Thread 2: status = VgTs_Runnable (lwpid 3075)
--11130:2:  stacks   no addressable segment for SP 0x700039C43E78

No hang with Louis Brunner's repo.

Comment 5 Paul Floyd 2025-12-01 20:57:39 UTC

DRD update. Now getting 21 fails.

11 contain

+parse DIE(readdwarf3.c:3026): confused by:
+ <0><b>: Abbrev Number: 1 (DW_TAG_compile_unit)
+     DW_AT_producer    : (indirect string, offset: 0x........): Apple LLVM version 10.0.0 (clang-1000.11.45.5)

circular_buffer seems to be generating false positives.

There are issues with recursive locks like

+drd: drd_rwlock.c:479 (void vgDrd_rwlock_post_wrlock(const Addr, const RwLockT, const Bool)): Assertion 'q->writer_nesting_count == 0' failed.

(4 tests)

The hold_lock tests are missing errors and pth_once has no summary.

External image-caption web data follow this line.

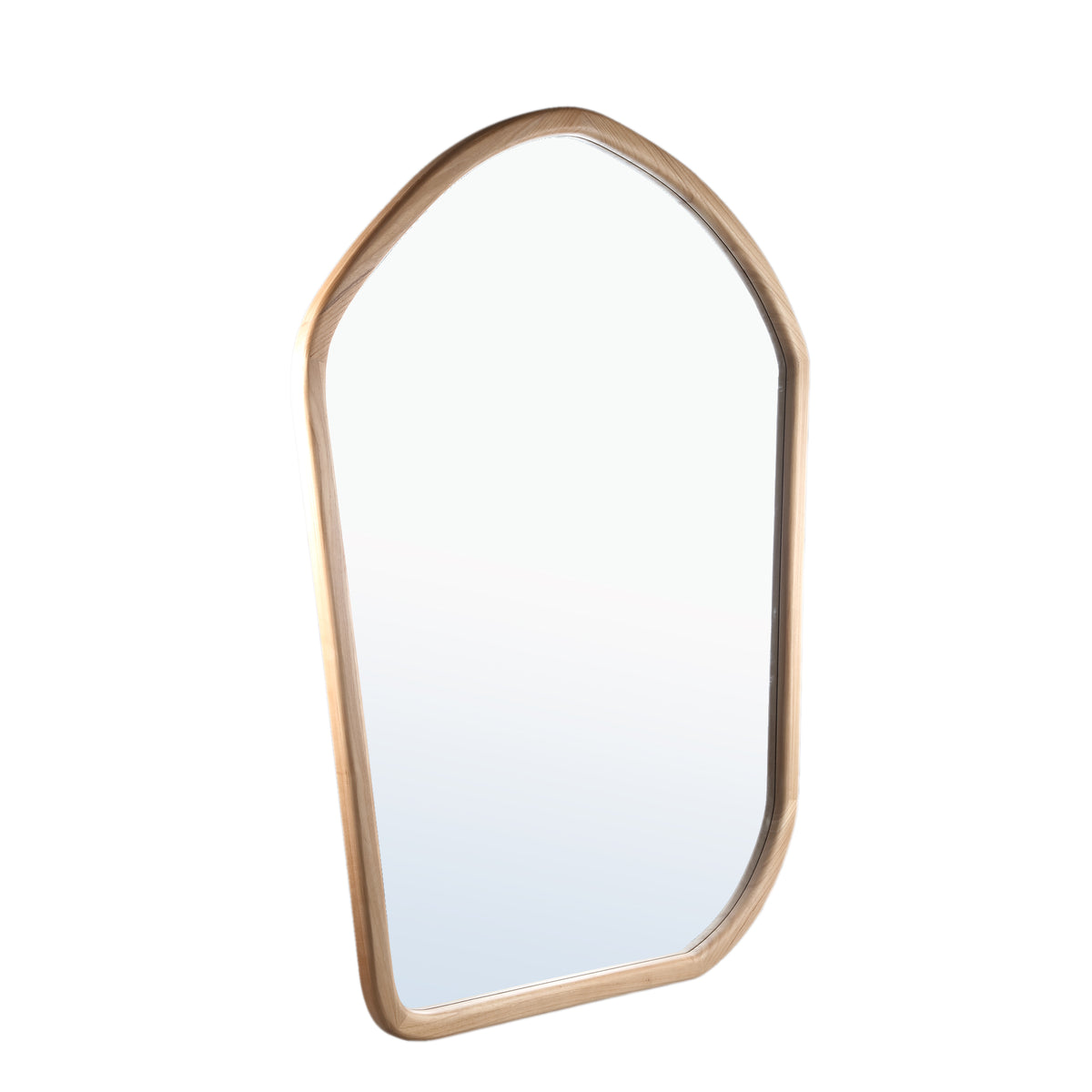 Spiegel Denholm Natural Solid Wood Big Organic 120x4x172cm PTMD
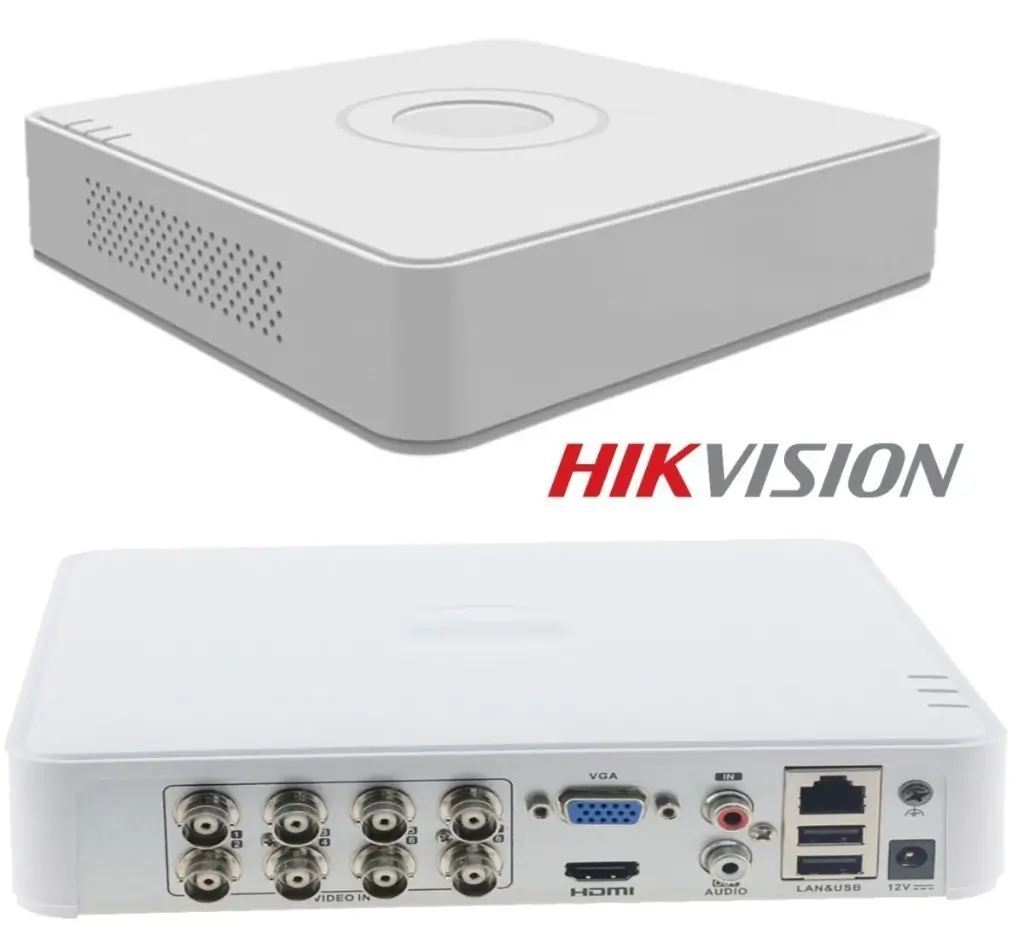HIKVISION 7108HGHI-M1/T | 8CH DVR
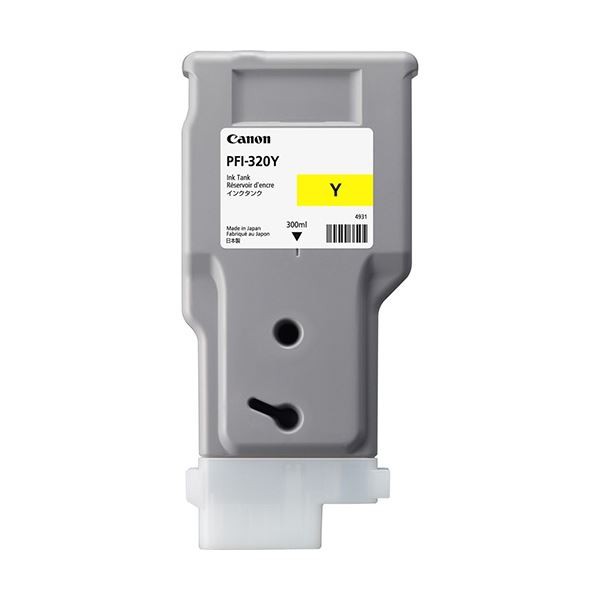キヤノン インクタンク PFI-320Y イエロー 300ml 2893C001 1個〔代引不可〕の通販は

The two semaphore tests have issues.

Comment 6 Paul Floyd 2025-12-11 08:02:22 UTC

The pth_once test is failing with

drd: drd_load_store.c:382 (void instr_trace_mem_store(IRSB *const, IRExpr *const, IRExpr *, IRExpr *, IRExpr *const)): Assertion '!data_expr_hi || typeOfIRExpr(bb->tyenv, data_expr_hi) == Ity_I32' failed.